Als Kleinkind und in den ersten Schuljahren sah ich ihn in der Woche nicht viel. Wann und wo möglich, nahm er sich aber Zeit für mich. Vom Frühling bis in den Herbst liefen oder fuhren wir, wenn er von der Arbeit kam, häufig noch zu Dritt in den Kleingarten, den die Großeltern gepachtet hatten. Samstags und sonntags waren wir oft den ganzen Tag über dort.
Wo es ging, nahm er mich mit oder hinzu, zeigte, erklärte und ließ mich selbst versuchen. Wollte ich mich selbst beschäftigten, ließ er mich. Er baute mir Sandkasten und Schaukel und gab mir, wenn ich spielte, das Gefühl, in Obhut zu sein. Später erkundete ich die Umgebung. Auf dem angrenzenden Sportplatz des VEB Waggonbau Dessau, wo er bis zum Volksaufstad im Jahr 1953 als Lehrausbilder arbeitete, sah ich den Fuß- und Feldhandballern des Volkseigenen Betriebes zu. War niemand da und der Haupteingang zum Gelände verschlossen, konnte ich durch ein Törchen im Zaun zur Gartenanlage auf den Platz und selber spielen.

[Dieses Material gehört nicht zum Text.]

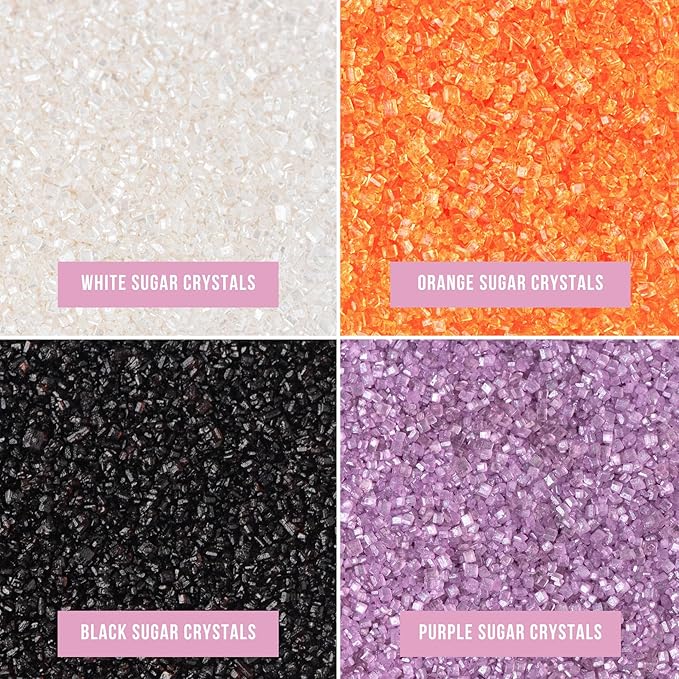 Sweets Indeed Halloween Sugar Sprinkles 4-Pack ??4.52 oz Spooky Sugar Set | White, Orange, Black & Purple Decorating Sugars | Edible Baking Decorations for Cookies, Cupcakes & Cakes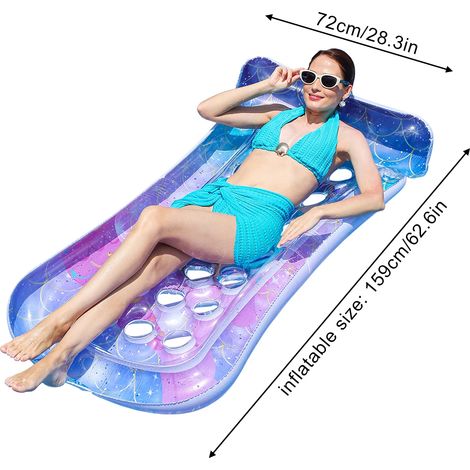 Lot de 1 matelas gonflable pour adultes comprenant des bouées, des radeaux et des tapis de bain de soleil convient aux piscines, aux lacs et aux plages.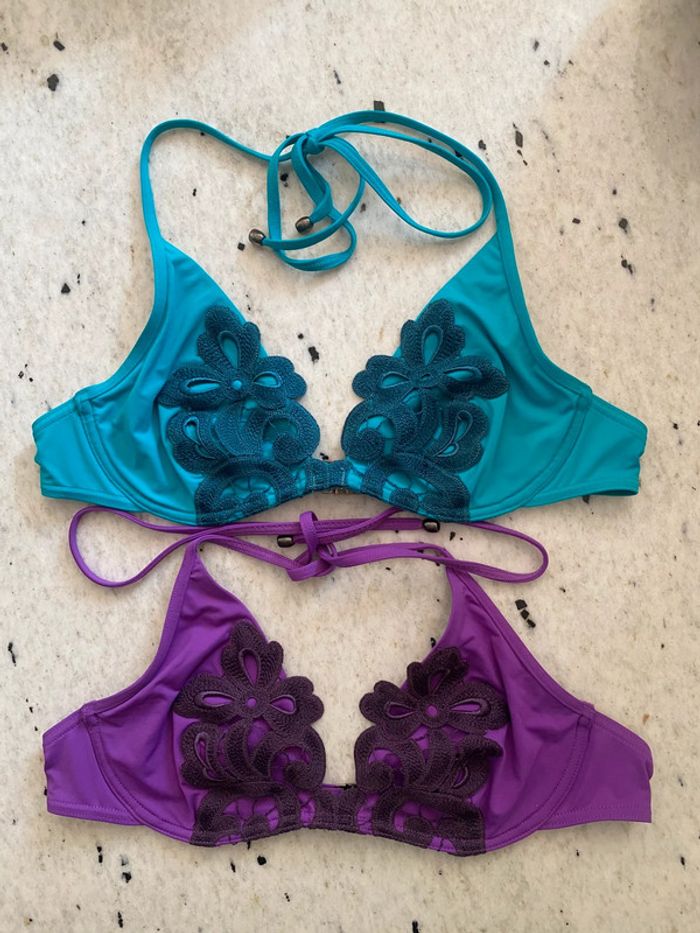 Lot de 2 hauts de maillot de bain brodé Maison Lejaby M
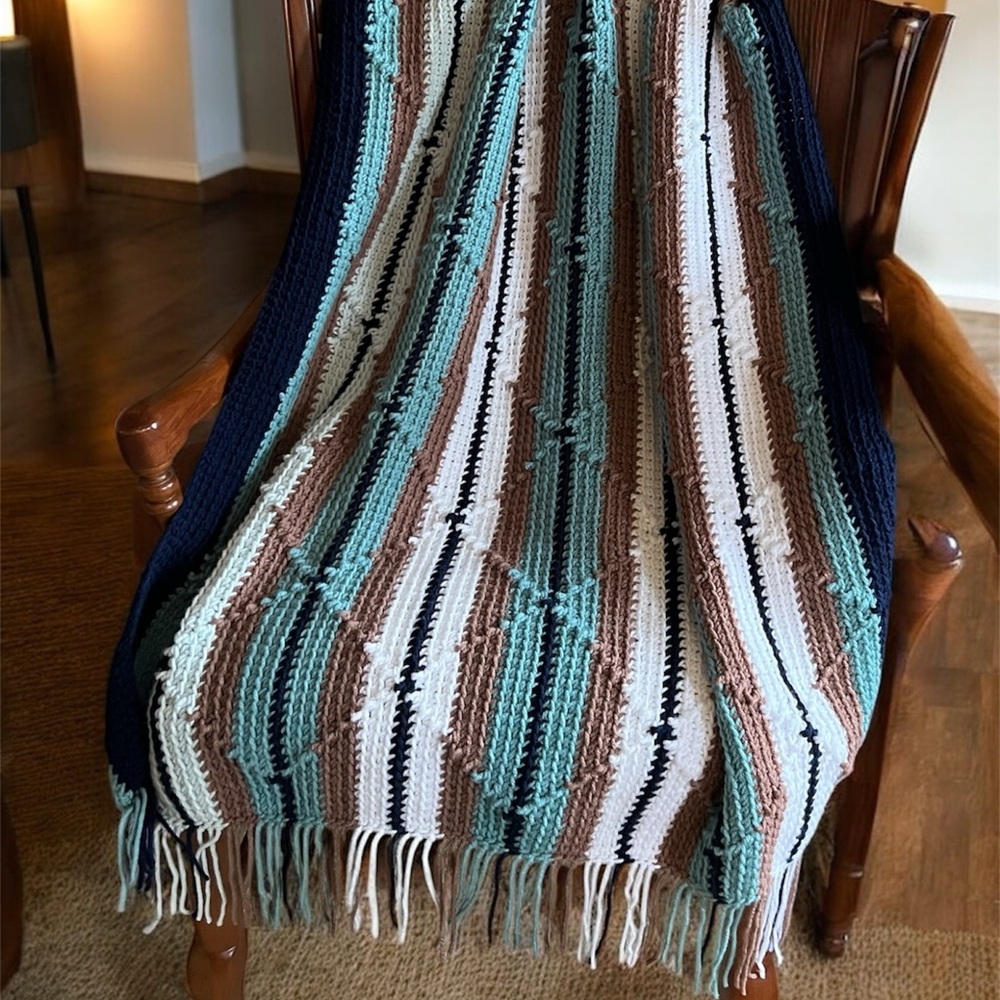 Cozy Striped Knit Lap Blanket - Blue, Brown, and White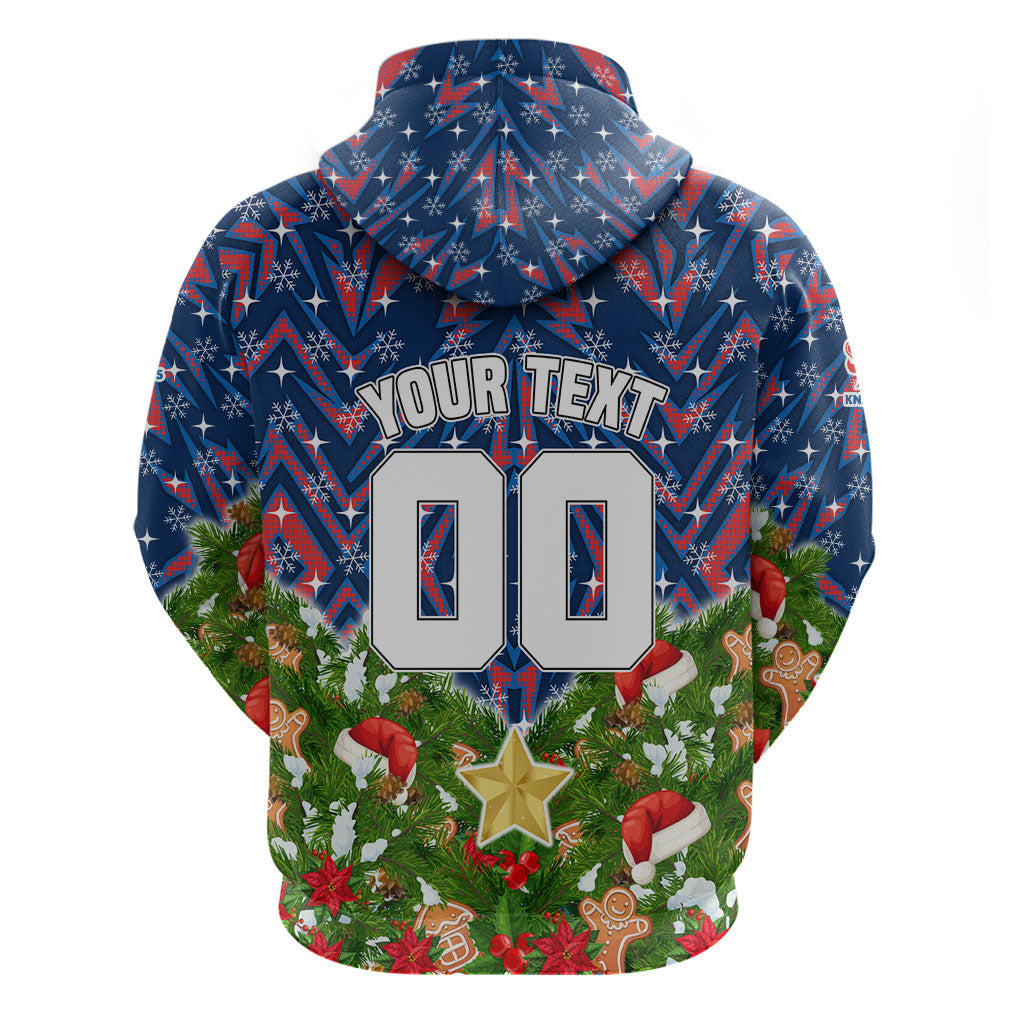 Personalised Newcastle Knights Rugby Christmas Zip Hoodie Santa Rugby Mascot - Pine Wreath Festive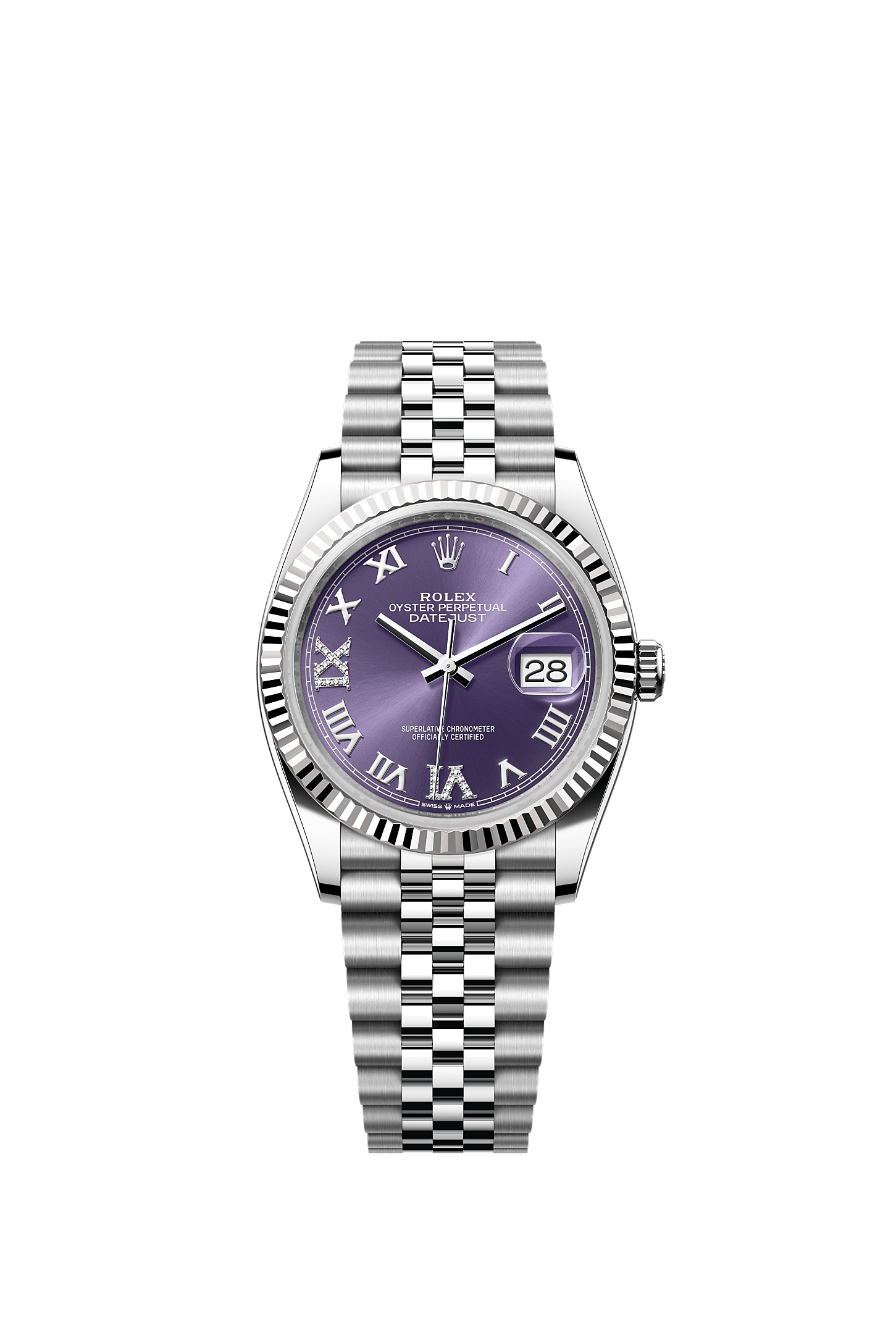 Datejust 36, Oyster, 36 มม., Oystersteel และทองคำขาว, หน้าปัด : สีม่วงเข้มประดับด้วยเพชร, Rolex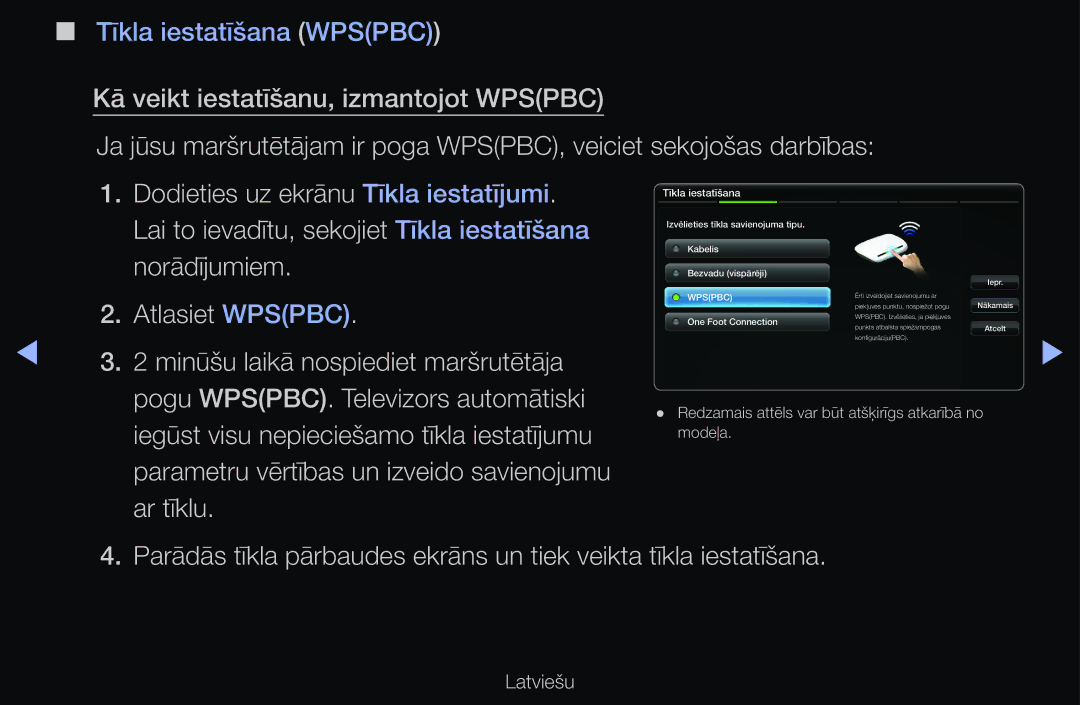 Samsung UE40D6510WSXXH, UE55D6200TSXZG, UE40D6200TSXZG manual Atlasiet Wpspbc, Minūšu laikā nospiediet maršrutētāja, Ar tīklu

Als ich Acht war, fuhr er mit mir in einem Interzonenzug ins Ruhrgebiet um die Tochter, meine Mutter, zu besuchen. Dort lernte ich meine beiden halben Schwestern Ilka und Dagmar, fünf und drei Jahre alt, und den Stiefvater kennen, der in der Steinkohle arbeitete. Ich erinnere Spaziergänge mit dem Großvater und seinen Enkelkindern hinter der Zechensiedlung, wo es durch Felder und Kuhweiden ging. Einmal näherte sich das Getier bedenklich. Der roten Jacke Ilkas wegen, erklärte er, nachdem er unser Tempo vorsorglich beschleunigt hatte.
In mein Poesiealbum schrieb er den Kantschen Imperativ und baute mein erstes Fahrrad. Eine halbe Stunde genügte, um mir in der Spielstraße unweit der Wohnung das Fahren beizubringen. Abenteuerlicher war meine erste Mopedfahrt.
Ich war Fünfzehn und auf ihm voran, ich mit dem Rad hinterdrein, fuhr er auf die Elbwiesen Richtung Roßlau. Gewissenhaft erklärte er mir Kuppeln, Schalten, Gasgeben und Bremsen, legte den ersten Gang für mich ein, lief nebenher, schaltete noch in den zweiten und ließ los, und ich fuhr und fuhr und fuhr. Hohes Gras strich um die Füße und der tiefe Pfad hielt die Räder wie in einer Spurrinne. Den Gang heraus, zurück in den Leerlauf, bekam ich allerdings nicht, auch bot der Pfad keine Wendemöglichkeit. Würde ich bremsen, würde ich den Motor abwürgen. Längst außer Sicht, kurvte ich entschlossen über eine schmale Brücke und ein wenig querfeldein, schweißnass, zurück.
Als ich mich mit Vierzehn ernsthaft für Astronomie begeisterte, annoncierte er in der Tageszeitung die Suche nach einem Fernrohr. Das ausziehbare Teleskop mit 90facher Vergrößerung holten wir gemeinsam bei dem, der es verkaufte, ab und baute eine stabile parallaktische Montierung nach meinem Entwurf. Vom Balkon zum Hof hin aus beobachtete ich fortan Sonne, Mond und den gestirnten Himmel.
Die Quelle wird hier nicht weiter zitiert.